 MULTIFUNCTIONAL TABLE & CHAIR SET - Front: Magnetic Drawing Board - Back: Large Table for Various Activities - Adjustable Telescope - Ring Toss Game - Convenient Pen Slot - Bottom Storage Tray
==
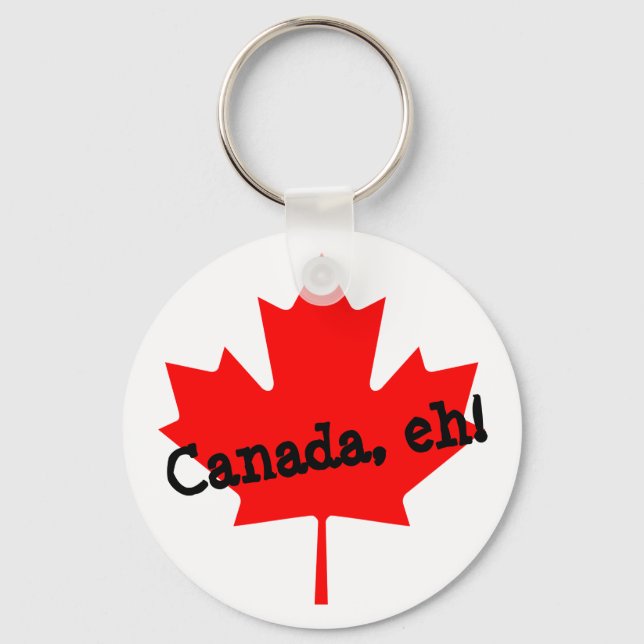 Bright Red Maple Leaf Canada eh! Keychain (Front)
==
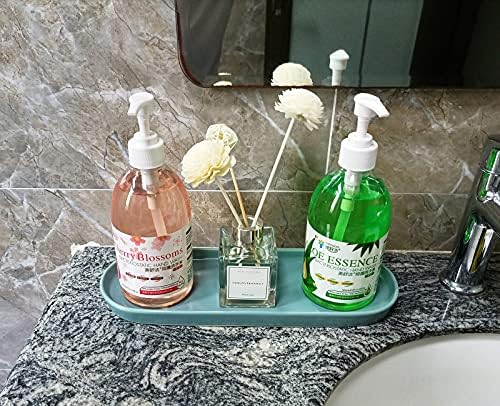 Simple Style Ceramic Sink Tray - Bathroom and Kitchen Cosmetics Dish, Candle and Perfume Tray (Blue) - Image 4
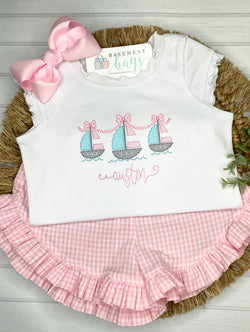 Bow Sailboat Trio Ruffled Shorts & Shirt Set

Problem details:
The data above holds the lines to copy: start at the one with "Simple Style Ceramic", stop at the one with "Bow Sailboat Trio Ruffled Shorts & Shirt Set", include both, copy them exactly without pictures, and copy nothing else.

Exercise answer:
 Simple Style Ceramic Sink Tray - Bathroom and Kitchen Cosmetics Dish, Candle and Perfume Tray (Blue) - Image 4
 Bow Sailboat Trio Ruffled Shorts & Shirt Set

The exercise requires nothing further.